Material shown Start Marker
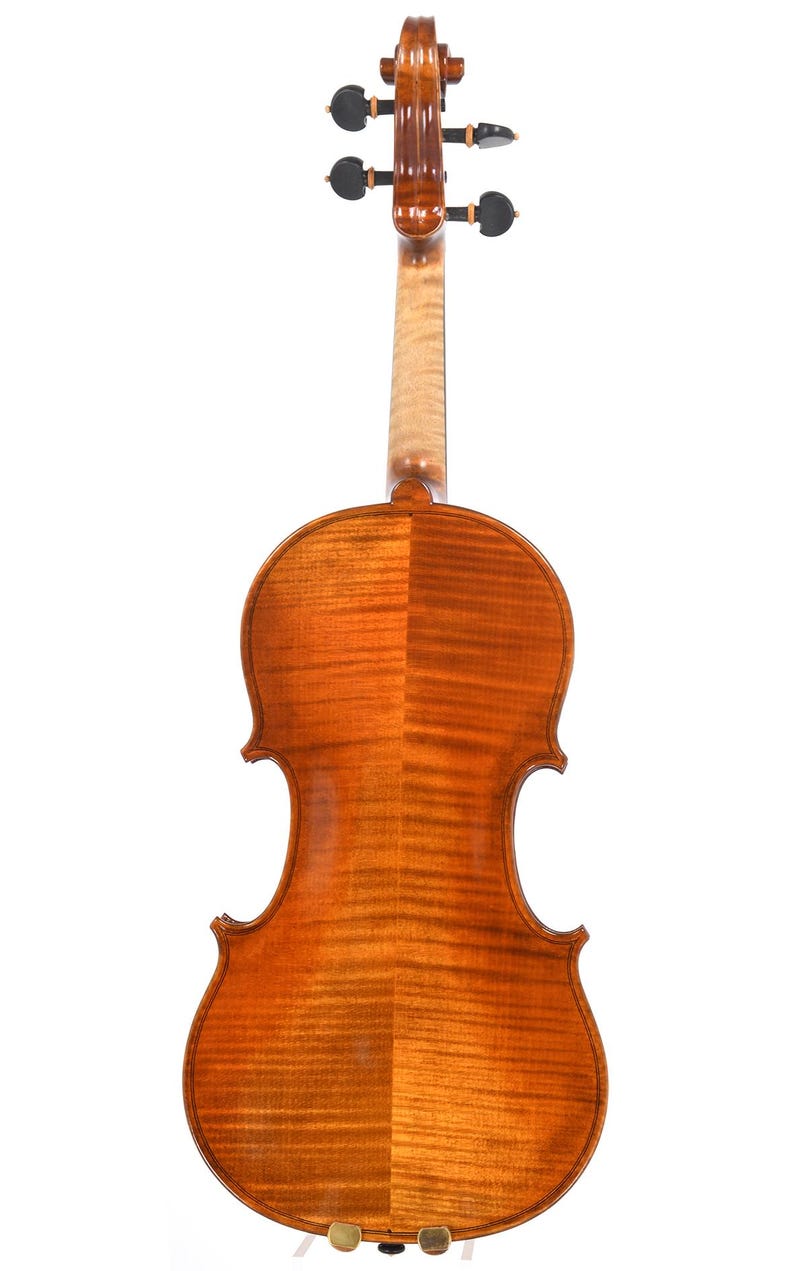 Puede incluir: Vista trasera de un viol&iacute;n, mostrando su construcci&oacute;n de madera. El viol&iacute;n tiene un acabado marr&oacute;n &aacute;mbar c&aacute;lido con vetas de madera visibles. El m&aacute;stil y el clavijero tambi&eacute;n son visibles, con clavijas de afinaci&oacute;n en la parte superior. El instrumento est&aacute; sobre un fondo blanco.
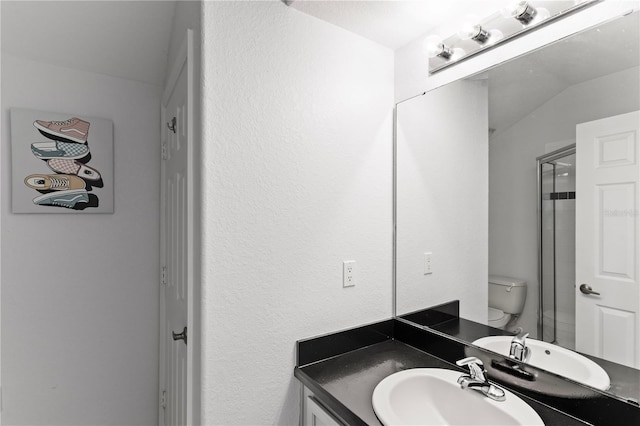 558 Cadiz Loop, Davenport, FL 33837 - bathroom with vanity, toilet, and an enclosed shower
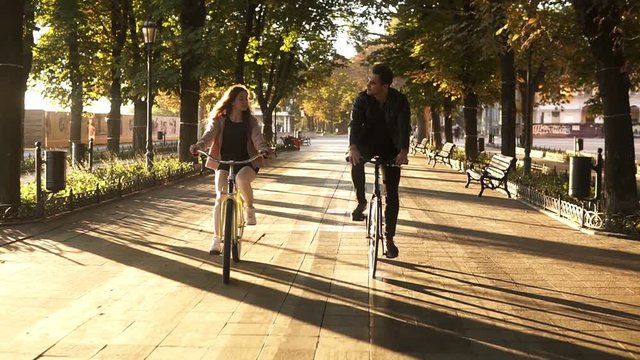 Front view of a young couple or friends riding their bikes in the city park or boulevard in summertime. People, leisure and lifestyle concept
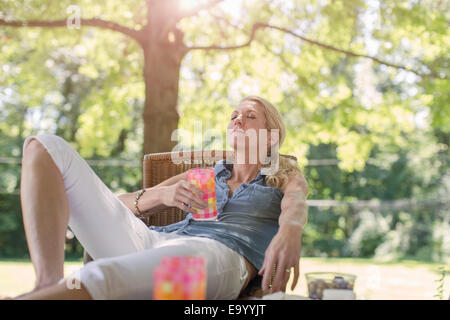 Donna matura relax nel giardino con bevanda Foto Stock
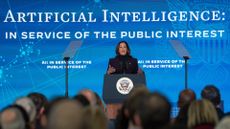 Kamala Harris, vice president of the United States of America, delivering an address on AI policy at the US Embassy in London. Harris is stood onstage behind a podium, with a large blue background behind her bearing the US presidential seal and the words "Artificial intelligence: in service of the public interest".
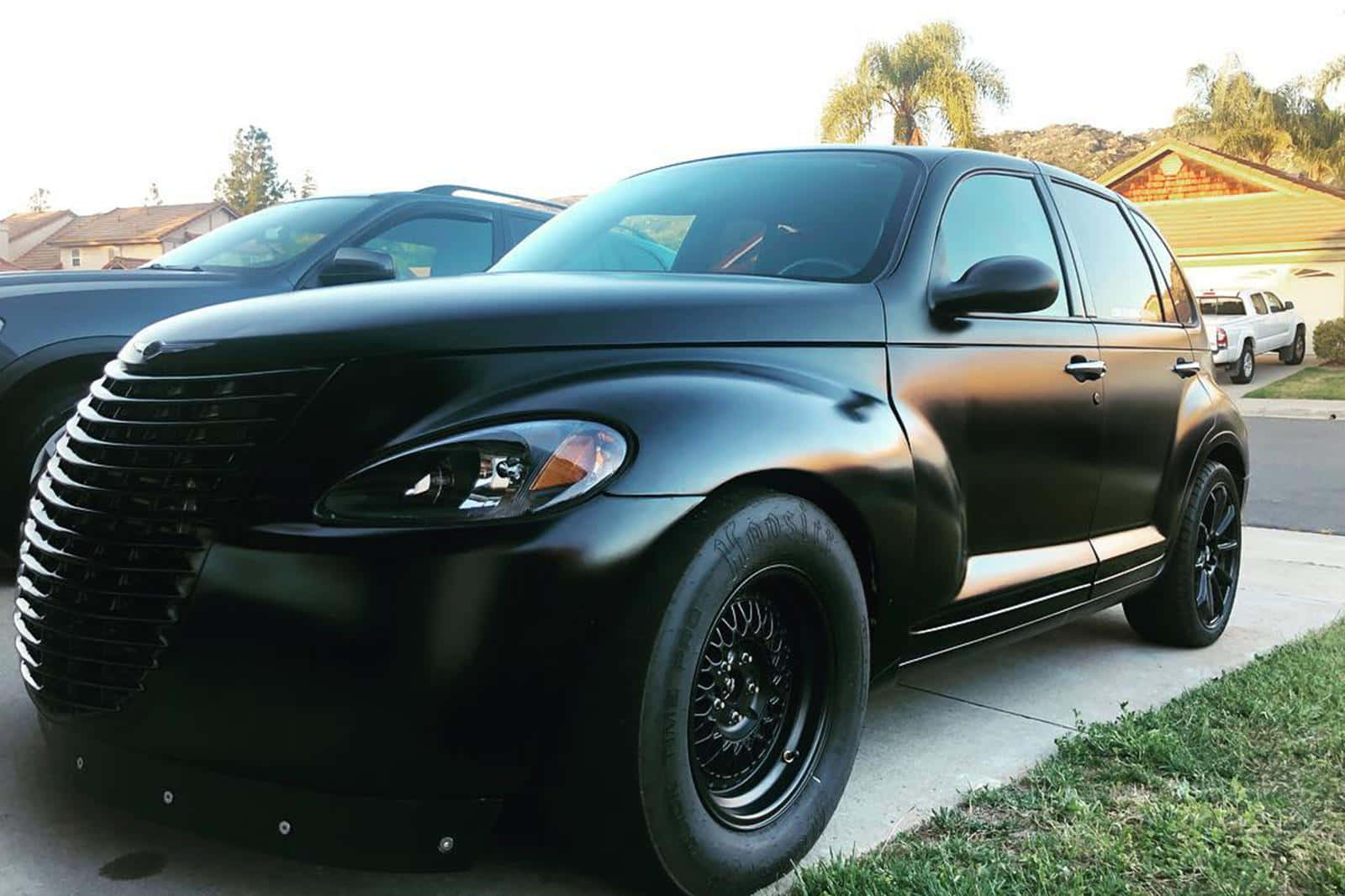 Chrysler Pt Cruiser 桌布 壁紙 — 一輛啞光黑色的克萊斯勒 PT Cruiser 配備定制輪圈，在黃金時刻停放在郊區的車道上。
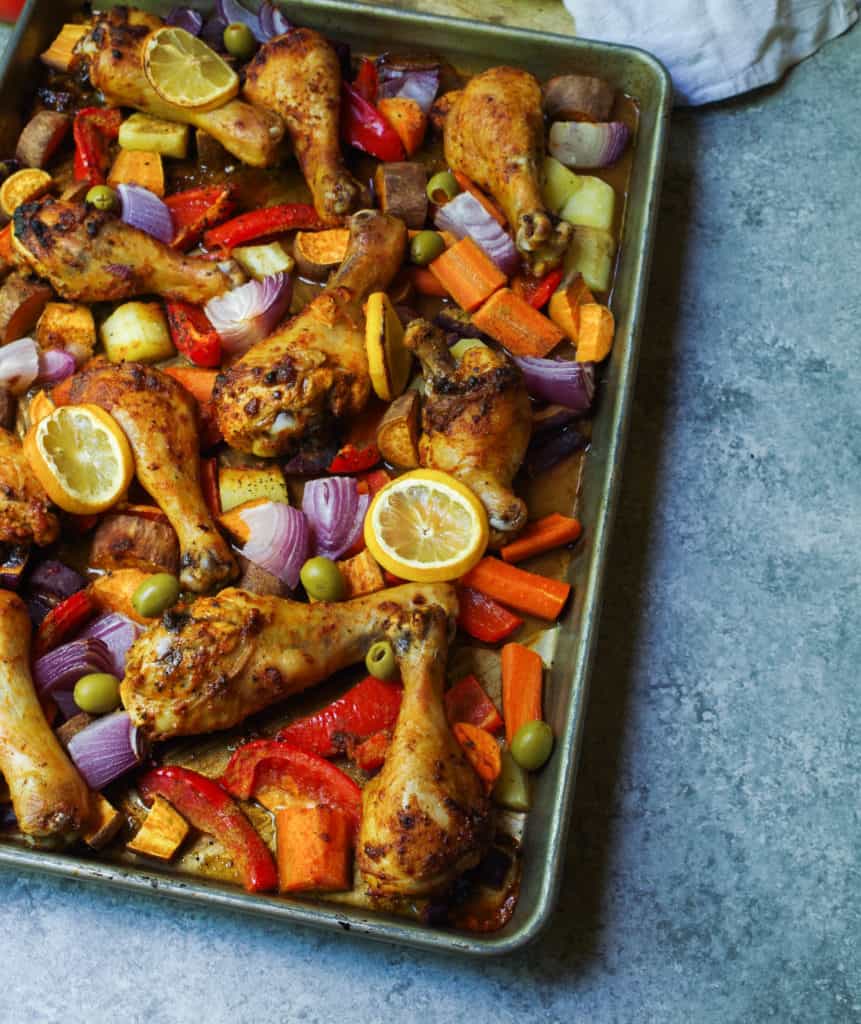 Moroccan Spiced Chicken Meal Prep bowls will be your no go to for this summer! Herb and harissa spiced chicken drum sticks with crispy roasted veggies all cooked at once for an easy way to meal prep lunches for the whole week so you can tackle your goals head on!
Material shown End Marker
What this task involves:
Please take the lines from the beginning of the data above through the line holding "Chrysler Pt Cruiser" and transcribe them exactly, without any pictures.

Output of the exercise:
 Puede incluir: Vista trasera de un viol&iacute;n, mostrando su construcci&oacute;n de madera. El viol&iacute;n tiene un acabado marr&oacute;n &aacute;mbar c&aacute;lido con vetas de madera visibles. El m&aacute;stil y el clavijero tambi&eacute;n son visibles, con clavijas de afinaci&oacute;n en la parte superior. El instrumento est&aacute; sobre un fondo blanco.
 558 Cadiz Loop, Davenport, FL 33837 - bathroom with vanity, toilet, and an enclosed shower
 Front view of a young couple or friends riding their bikes in the city park or boulevard in summertime. People, leisure and lifestyle concept
 Donna matura relax nel giardino con bevanda Foto Stock
 Kamala Harris, vice president of the United States of America, delivering an address on AI policy at the US Embassy in London. Harris is stood onstage behind a podium, with a large blue background behind her bearing the US presidential seal and the words "Artificial intelligence: in service of the public interest".
 Chrysler Pt Cruiser 桌布 壁紙 — 一輛啞光黑色的克萊斯勒 PT Cruiser 配備定制輪圈，在黃金時刻停放在郊區的車道上。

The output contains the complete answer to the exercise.